* Problem: After finding the line containing "DESIGUAL Camiseta feminina" below, please output that line and each following one through the line containing "فرش ماشینی با", exactly as written.

* Supplied records:

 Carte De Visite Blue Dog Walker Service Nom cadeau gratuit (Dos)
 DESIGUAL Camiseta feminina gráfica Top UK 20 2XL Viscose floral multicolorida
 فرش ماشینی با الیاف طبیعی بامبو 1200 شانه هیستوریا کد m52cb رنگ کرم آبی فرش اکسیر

---

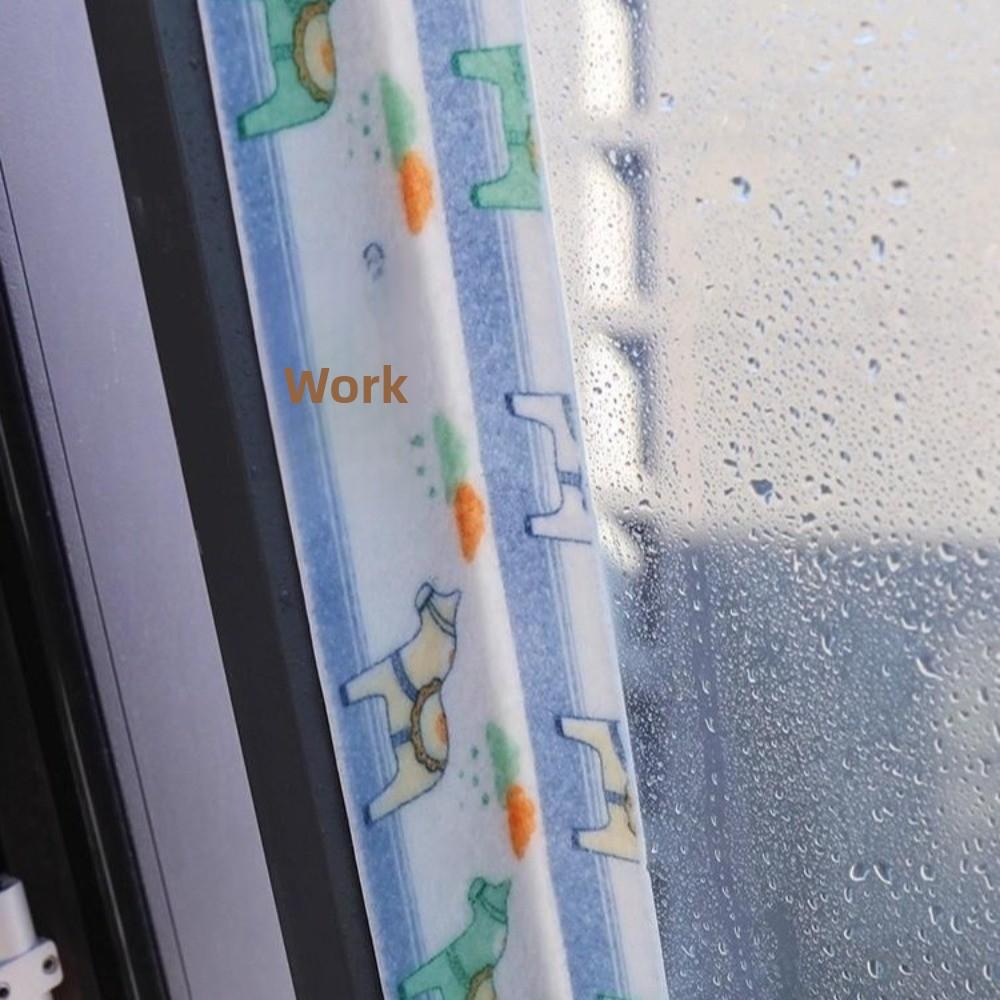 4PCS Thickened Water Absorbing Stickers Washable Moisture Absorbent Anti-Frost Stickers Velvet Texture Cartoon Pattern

* Completed task:
 DESIGUAL Camiseta feminina gráfica Top UK 20 2XL Viscose floral multicolorida
 فرش ماشینی با الیاف طبیعی بامبو 1200 شانه هیستوریا کد m52cb رنگ کرم آبی فرش اکسیر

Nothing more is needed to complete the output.